5. The Art of Korean Cookery
Cho Choong-Ok, The Art of Korean Cookery. Japan Publications Trading Company. Rutledge, VT, 1963
In 1963, ten years after the end of the Korean War, Cho Choong-Ok’s The Art of Korean Cookery was published in the US. The book was also published in Japan, in English. The cover presents an interesting scene in which three women in traditional Korean outfits cook in a back yard for two non-Asian people. The author may be one of the figures in traditional dress. The non-Asian guests stand in the foreground, suggesting they are important, but also to the side, showing they are peripheral to what is happening. Each is using chopsticks to eat something, the woman’s face expressing some awkwardness, though she is also smiling. This cover picture is notable in the messages it sends to non-Asian readers. Featuring the tall, thin white couple, mid-bite, the photo assures readers that other non-Asian people happily eat Korean food. The framing of the event also seems to say that using this book is going to be different from what readers know but it is going to be different in a fun and lovely way. It may be that foregrounding the charcoal grill in the image also helped American readers to feel comfortable with the cuisine since these were common items in suburban American yards.

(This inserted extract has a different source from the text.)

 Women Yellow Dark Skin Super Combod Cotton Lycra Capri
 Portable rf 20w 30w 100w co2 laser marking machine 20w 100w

Cho used some American culinary terms to make the recipes seem familiar. For example, readers can choose from “Fancy Pot Roast,” ‘Korean Hors D’oeuvre” and “Stuffed Italian Green Peppers,” and even a whole chapter of “casserole dishes.” Pot roasts and casseroles were common dishes in American cookbooks of the time and appeared on many family dinner tables. Like the authors of Japanese Food Recipes, Cho attempted to help non-Asian readers imagine these foodways as part of their familiar world of dishes and flavors.

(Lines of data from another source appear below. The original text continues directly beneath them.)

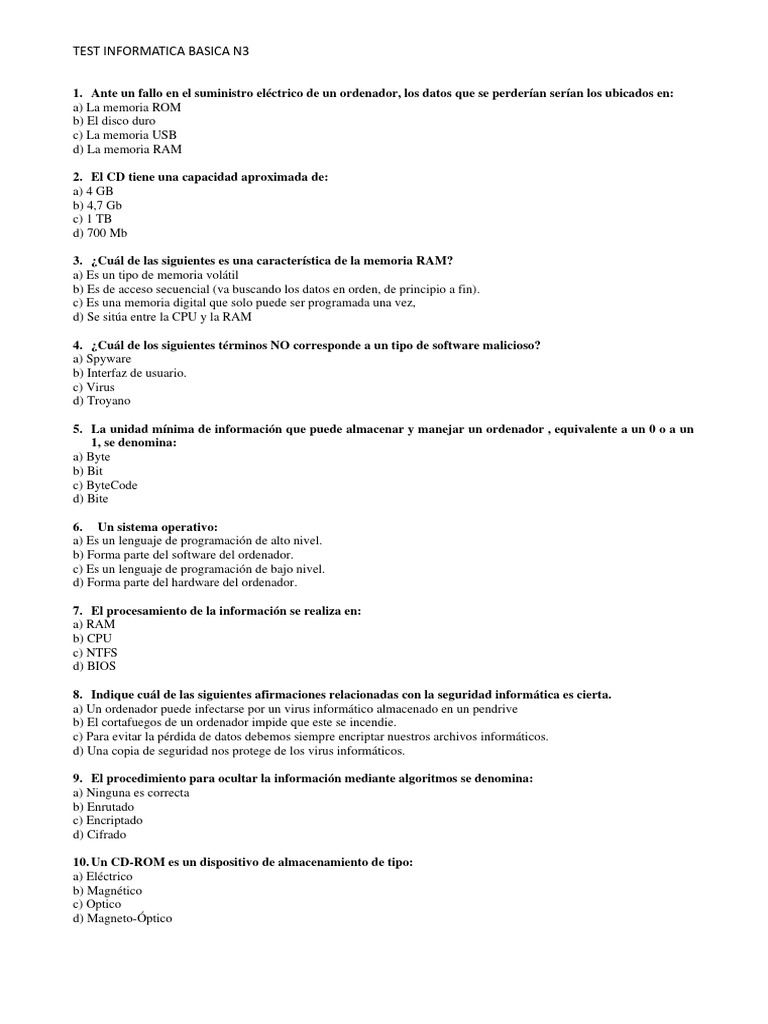 Test de Informática Básica N3 | PDF | Almacenamiento de datos de la ...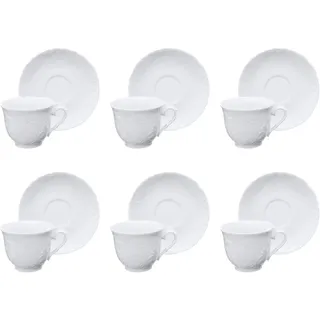 Molecuisine Teetasse mit Untertasse 6er Set Elisa Rococo' 21 cl weiß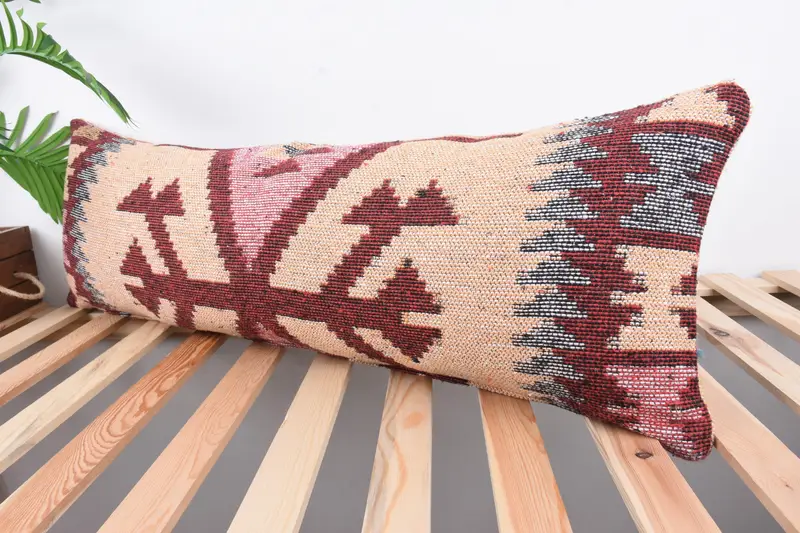 Vintage Kilim Throw Pillow, Farmhouse Pillow Sham, Ethnic Throw Cushion Case, Kilim Pillow Cover, 12x36 Beige Pillow, Home Decor Pillow, Pillow Sham - 5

Cho included headnotes for many of the recipes that give this book a unique voice. The notes are a mix of food history, legend, and poetic scene setting. They give the reader a sense of the author as both an individual and a person steeped in her culture and able to serve as a guide for outsiders.
“Mugwort Soup: It is customary in Korea for the whole family to go out picnicking in early spring when the first greens appear in the fields to gather mugwort to celebrate the coming of spring. This soup was often made in the Palace kitchens and is also liked by the old people.”

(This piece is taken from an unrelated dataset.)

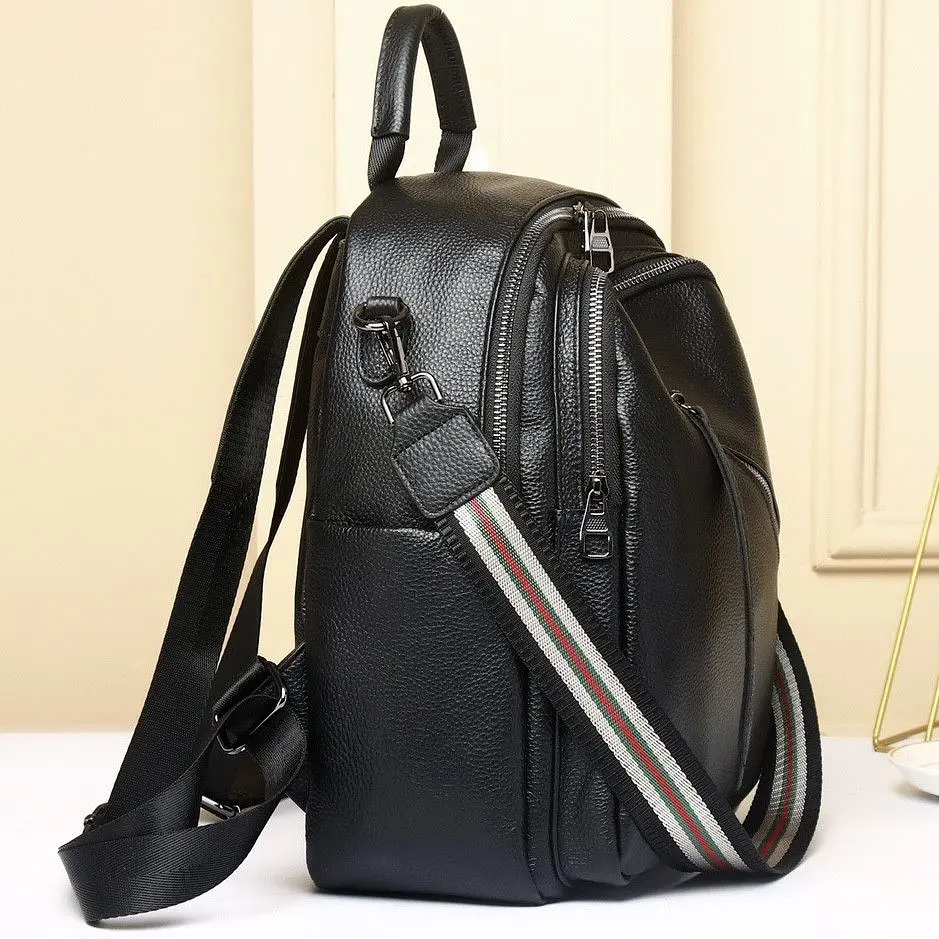 Стильний жіночий шкіряний рюкзак чорний міський 51124 Tiding Bag - фото 4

“Korean Barbecue: There is so much joy in preparing and eating together out in the open under the blue sky, breathing pine scented air—one is apt to forget all worries and troubles and wholeheartedly enjoy the company and the good food. Korean barbecue is becoming very popular everywhere.”
Each of these books, the first Asian cookbooks published by Asian authors in the US, offered Asian American readers an opportunity to reconnect with heritage and to reflect on what it means to eat one’s home food in a new place. They represented Asian foodways as American because enacted and enjoyed in America but also transnational because they originated in and remained connected to distant food sources and histories. For non-Asian readers, these books offered opportunities for education, a broadened and enriched understanding of what American foodways might be.